The European Union has positioned itself at the forefront of sustainable finance, introducing regulatory frameworks such as the Sustainable Finance Disclosure Regulation (SFDR) to increase transparency and reduce the risk of greenwashing. In its current form, SFDR requires asset managers to classify funds as:
- Article 9 (“dark green”) – funds with sustainability as their explicit objective,
- Article 8 (“light green”) – funds that promote environmental or social characteristics, and
- Article 6 – funds without sustainability focus.
Despite this progress, sustainable investing continues to face two main challenges:
1. Greenwashing risks, where sustainability claims do not align with actual practices.
2. Inconsistent ESG metrics, with rating agencies often providing divergent assessments of the same company.

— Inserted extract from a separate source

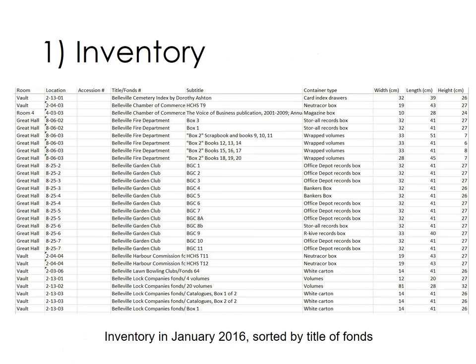The inventory project took about four months from beginning to end, with many interruptions for other activities of course. There were six rooms in the old building used for storing archives, so the inventory was done originally room by room, shelf by shelf. The shelves were already numbered before the project started. This screenshot shows the inventory as it stood in January 2016, when it was largely complete and had reached 2,611 items. Here it has been sorted by the name of the fonds or collection.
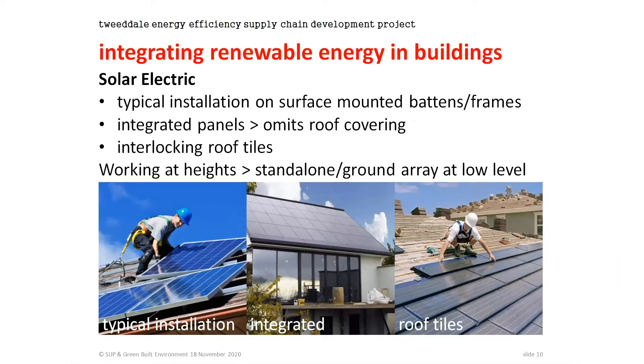Typically panels are put up on surface-mounted battens or frames, very obviously on top of your existing roof cladding. But more and more we're seeing integrated panels where you omit the roof covering underneath, so the whole roof can be covered without any standard roof tiling. Interlocking roof tiles have also come on the market in the last five or six years, though they haven't really taken off here — they're probably bigger in the States. From the contractor's point of view, you're working at heights with all associated health and safety issues. One benefit of a standalone or ground array system is that you could put it on a terrace or pergola at low level, avoiding working at height.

This paper introduces the SFDR Market-Implied Sustainability (SMIS) scores, derived from actual portfolio allocations of Article 9 funds. SMIS scores are attributed to individual companies based on investment funds’ holdings, assessing which stocks are over-represented in Article 9 funds compared to the rest of the funds in the market. Unlike ESG scores produced by rating agencies, SMIS reflects investors revealed preferences for sustainability, as expressed through capital allocation.
The study compares SMIS with ESG scores issued by the data provider Refinitiv, analyzes their determinants, and evaluates their implications for financial performance. The output of the analysis may also be relevant for the ongoing process of revision of the SFDR framework.